NAM President called back to D.C. from Chengdu yesterday. We recorded his comments and share some of them here. (Via cell phone, so the quality leaves something to be desired. And what is that tune?)
Adding to yesterday’s post about infrastructure, he compared — ruefully? — the traffic congestion to Northern Virginia’s.
China has an aggressive strategy toward infrastructure investment, Engler notes, necessary at the very least to keep even with economic growth.
To hear those comments via an .mp3 file, click here.

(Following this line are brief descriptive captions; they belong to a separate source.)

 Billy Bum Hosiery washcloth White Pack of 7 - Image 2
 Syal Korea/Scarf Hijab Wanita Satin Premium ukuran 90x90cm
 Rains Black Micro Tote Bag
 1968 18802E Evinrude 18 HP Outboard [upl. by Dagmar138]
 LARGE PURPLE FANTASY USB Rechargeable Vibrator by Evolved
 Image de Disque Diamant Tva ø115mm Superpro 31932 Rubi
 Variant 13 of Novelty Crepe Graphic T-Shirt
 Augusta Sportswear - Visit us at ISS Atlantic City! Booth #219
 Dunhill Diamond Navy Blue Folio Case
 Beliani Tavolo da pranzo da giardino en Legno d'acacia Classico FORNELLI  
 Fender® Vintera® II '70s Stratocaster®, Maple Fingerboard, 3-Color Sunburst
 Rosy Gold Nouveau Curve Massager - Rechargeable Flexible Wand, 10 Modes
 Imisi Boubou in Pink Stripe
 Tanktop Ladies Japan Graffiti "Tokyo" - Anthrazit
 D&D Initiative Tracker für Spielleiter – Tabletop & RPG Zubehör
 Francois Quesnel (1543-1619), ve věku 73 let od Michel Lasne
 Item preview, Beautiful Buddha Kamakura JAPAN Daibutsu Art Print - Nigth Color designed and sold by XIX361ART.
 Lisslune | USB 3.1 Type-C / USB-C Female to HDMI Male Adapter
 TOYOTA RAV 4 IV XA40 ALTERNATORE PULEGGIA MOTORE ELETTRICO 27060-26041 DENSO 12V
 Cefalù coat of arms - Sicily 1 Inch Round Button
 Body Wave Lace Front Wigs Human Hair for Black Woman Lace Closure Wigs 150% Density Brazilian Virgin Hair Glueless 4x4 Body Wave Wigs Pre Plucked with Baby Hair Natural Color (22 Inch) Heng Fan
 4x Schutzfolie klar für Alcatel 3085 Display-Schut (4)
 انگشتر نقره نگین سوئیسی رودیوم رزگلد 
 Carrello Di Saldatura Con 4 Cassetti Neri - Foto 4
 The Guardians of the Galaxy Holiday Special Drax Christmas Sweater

More generally, Engler observed:
[There is] a sincere desire to increase domestic consumption in China, to lift the standard of living for literally tens of millions of people who are slightly above subsistence level. There’s a rising middle class here, so there’s clearly changing economic conditions in the country. … [I]ncreasing domestic consumption should mean increased [U.S.] exports. We’ve seen U.S. exports to China rise; they’ve been relatively rapid in their rise compared to many other destinations, so that’s the good news. There clearly an ongoing issue about currency. While there has been an 11 percent appreciation over recent years, since the Chinese currency was unpegged from the dollar, still more progress needs to be made. And key Chinese official shave indicated that is the intent and it can’t be done overnight, but it can be done. And they expect that they will make headway.
With the caveat, a big one: ” We don’t walk away with the idea that all the problems have been solved.”